The other disconcerting, and also easily predictable, result of this bureaucratic mess is that it will sort out hospitals based on relative cost.  As anyone with any elementary skills at logic could foresee, this will result in hospitals turning away those who are very sick, trying to “dump” them on other hospitals.  Consequently, hospitals will expend significant effort trying to attract doctors who treat relatively well patients with illnesses that are easily treatable.  Those doctors who have very sick patients will settle into those default “dumping ground” hospitals.

Eventually, the financially viable hospitals will be in the areas in which healthier people live, and the dumping-ground hospitals will have to be subsidized by the government in order to survive.  Not only that, but doctors who choose to treat the sickest patients who are most at risk for complication will actually be penalized, because their costs are outside of the norm.
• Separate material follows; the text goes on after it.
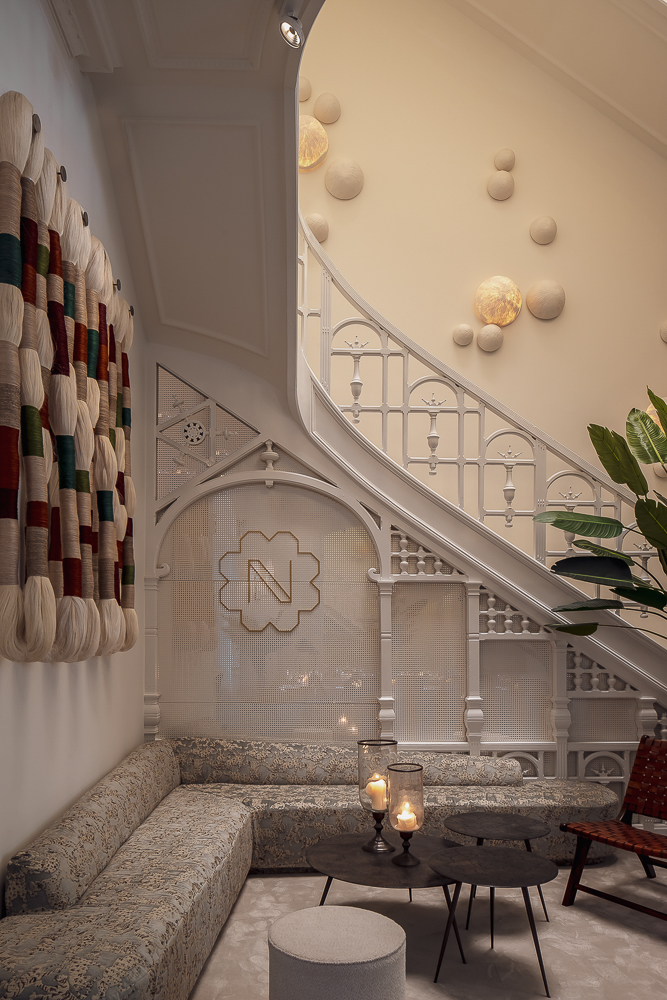 Luxurious hotel lounge with a patterned Collett & Victor sectional sofa, round black coffee tables with candles, and ornate staircase detailing in a refined interior.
Obamacare, the “free” health care envisioned by the most naïve among us, is a massive bureaucracy, sold to us as a cost-cutting, fairer alternative.  The bill described 247 new departments to manage the process.  Hospitals and insurance companies have created departments to pry monies away from this colossus.  (These are dollars that could have been used to treat the sick.)  The only way that costs are in any way slowing is the added factor of high-deductible insurance scaring patients away from treatment in the first place.  And the ultimate result of this well-intentioned but predictably bad policy is that the rich will have the good hospitals, and the poor will not.  The rich and relatively healthy patients will have the happy doctors, and the poor and sick will not.

Health care professionals want to have time with their patients.  They dread the time spent checking boxes on a computer screen in order for a distant bureaucracy to tell them that their billing is outside the mean.  They rue the process that will inexorably swing toward certain hospitals surviving only because they turn away the very sick.  They want colleagues they can rely on to transfer their biggest problem patients, without having to worry that they will be the first to suffer financially and the first to ultimately “bail” on the system.  They can sense that, left the way it is, Obamacare is meant to “crash the system,” leaving them at the mercy of the federal government and with the vast majority of patients on Medicaid.

Becoming more patient-centered will be relatively easy.  Strip away a good bit of the size of the entity managing the dollars.  That way, more will be left for individual patient care.  Look into the silly restrictions on portability of policies, not competing across state lines, and allowing insurance pools.  Just don’t expand what is already “the Borg,” as it will surely lead to higher costs and less care from those with the most to offer.